Un devoir de mémoire et de justice
Malgré les défis, les autorités judiciaires et les associations de survivants insistent sur l’importance de ces procès, même tardifs. Pour les victimes et leurs familles, c’est souvent la dernière occasion d’obtenir justice et une certaine forme de reconnaissance des souffrances endurées. Au-delà des cas individuels, ces procédures ont une portée symbolique et morale forte. Elles rappellent que les crimes contre l’humanité sont imprescriptibles et que chacun doit rendre des comptes, fusse des décennies plus tard.
Des preuves cruciales malgré le temps qui passe
La tenue de ces procès très tardifs repose sur un travail d’enquête minutieux mené par une unité spéciale créée dans les années 2010. En épluchant les archives des camps et de l’administration nazie, les enquêteurs recherchent la moindre trace documentaire permettant d’étayer les soupçons et les témoignages des survivants. Car malgré l’érosion inévitable des souvenirs, ces derniers restent des pièces à conviction cruciales, des paroles précieuses face à ceux qui nient encore les atrocités nazies.

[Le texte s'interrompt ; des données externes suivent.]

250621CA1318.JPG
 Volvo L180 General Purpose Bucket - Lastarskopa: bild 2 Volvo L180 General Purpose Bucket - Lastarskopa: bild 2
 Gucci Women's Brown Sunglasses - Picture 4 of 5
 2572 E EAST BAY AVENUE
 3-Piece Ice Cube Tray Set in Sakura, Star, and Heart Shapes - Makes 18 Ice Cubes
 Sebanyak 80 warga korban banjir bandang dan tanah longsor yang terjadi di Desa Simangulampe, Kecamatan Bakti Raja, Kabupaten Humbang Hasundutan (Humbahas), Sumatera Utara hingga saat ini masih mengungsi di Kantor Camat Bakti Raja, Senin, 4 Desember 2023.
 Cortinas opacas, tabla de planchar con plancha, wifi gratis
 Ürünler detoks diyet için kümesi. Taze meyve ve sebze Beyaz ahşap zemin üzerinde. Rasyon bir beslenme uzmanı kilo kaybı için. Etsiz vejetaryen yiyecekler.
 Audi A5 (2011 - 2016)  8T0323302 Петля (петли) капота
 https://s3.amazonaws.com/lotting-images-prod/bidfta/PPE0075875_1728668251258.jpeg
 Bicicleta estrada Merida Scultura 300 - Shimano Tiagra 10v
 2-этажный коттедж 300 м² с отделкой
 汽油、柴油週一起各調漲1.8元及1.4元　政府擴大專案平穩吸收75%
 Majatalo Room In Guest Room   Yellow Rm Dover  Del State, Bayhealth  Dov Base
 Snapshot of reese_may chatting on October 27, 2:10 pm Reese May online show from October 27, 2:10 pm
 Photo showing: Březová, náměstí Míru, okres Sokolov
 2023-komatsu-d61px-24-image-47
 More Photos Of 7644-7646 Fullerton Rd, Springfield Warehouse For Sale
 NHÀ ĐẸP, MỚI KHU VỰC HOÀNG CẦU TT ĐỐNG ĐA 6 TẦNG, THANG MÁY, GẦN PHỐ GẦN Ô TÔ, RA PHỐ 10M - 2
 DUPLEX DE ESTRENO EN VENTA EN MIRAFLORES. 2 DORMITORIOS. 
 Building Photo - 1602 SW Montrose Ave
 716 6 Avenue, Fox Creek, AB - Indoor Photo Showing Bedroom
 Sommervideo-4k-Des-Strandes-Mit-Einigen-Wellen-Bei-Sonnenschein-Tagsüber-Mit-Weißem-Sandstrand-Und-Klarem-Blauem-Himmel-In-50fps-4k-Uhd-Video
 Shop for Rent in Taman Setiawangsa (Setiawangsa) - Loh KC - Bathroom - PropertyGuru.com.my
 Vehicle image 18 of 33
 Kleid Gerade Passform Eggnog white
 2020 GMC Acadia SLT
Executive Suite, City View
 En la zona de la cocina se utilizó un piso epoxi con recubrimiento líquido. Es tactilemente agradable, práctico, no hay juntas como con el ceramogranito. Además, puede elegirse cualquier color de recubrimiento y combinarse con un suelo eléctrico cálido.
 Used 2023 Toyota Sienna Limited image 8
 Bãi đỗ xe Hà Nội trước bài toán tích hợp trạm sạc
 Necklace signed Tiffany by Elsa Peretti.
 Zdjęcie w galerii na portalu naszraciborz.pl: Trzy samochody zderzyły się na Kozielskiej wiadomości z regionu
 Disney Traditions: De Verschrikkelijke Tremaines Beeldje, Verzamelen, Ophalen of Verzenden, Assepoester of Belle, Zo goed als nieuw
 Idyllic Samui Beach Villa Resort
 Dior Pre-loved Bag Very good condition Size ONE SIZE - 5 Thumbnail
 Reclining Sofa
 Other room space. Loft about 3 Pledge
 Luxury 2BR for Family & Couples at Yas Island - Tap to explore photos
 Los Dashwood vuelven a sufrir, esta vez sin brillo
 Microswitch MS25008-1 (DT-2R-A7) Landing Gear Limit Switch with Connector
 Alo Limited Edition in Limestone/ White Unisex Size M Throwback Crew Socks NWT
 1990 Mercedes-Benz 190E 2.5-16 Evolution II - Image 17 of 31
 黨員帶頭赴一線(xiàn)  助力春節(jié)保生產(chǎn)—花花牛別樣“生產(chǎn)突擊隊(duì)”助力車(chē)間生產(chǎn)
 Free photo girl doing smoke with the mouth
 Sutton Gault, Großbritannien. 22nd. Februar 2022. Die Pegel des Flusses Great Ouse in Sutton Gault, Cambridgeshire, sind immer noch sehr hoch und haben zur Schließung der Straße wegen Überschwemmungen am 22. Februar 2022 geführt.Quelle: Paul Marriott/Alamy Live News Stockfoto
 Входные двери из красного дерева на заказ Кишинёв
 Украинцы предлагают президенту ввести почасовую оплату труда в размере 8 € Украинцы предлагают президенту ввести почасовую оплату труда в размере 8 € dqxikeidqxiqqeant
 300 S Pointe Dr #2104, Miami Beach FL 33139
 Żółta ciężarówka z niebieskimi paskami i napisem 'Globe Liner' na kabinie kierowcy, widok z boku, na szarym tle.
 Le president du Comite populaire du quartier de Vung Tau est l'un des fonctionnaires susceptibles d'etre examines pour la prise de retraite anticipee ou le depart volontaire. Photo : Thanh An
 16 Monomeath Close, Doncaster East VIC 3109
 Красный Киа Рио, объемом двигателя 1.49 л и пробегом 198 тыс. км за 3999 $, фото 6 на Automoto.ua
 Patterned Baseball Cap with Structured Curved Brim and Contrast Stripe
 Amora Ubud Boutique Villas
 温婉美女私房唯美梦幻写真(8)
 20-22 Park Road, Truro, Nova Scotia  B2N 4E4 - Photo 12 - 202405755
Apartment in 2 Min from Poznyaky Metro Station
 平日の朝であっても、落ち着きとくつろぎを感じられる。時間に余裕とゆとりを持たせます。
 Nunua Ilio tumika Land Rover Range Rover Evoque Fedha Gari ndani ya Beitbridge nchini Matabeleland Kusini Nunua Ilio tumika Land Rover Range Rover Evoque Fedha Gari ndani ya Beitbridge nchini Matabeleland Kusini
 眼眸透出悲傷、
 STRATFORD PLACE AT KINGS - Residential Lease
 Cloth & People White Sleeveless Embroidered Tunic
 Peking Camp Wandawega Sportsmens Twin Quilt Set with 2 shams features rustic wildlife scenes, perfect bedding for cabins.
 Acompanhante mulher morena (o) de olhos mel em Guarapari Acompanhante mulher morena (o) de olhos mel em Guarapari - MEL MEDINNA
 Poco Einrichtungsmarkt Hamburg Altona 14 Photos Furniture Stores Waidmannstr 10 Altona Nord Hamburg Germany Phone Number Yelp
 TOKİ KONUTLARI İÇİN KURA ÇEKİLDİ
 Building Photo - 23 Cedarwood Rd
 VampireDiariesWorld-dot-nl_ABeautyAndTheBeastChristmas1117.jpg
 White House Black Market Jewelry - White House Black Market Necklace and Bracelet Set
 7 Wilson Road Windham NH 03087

Le sort judiciaire de l’ancien gardien de Sachsenhausen reste donc encore incertain à ce stade. Le tribunal de Hanau devra réexaminer son cas et trancher définitivement la question de son aptitude à comparaître. Quelle que soit l’issue, ce dossier prouve que la soif de justice pour les victimes de la barbarie nazie reste intacte. Un combat sans cesse recommencé pour que l’indicible ne sombre jamais dans l’oubli et l’impunité.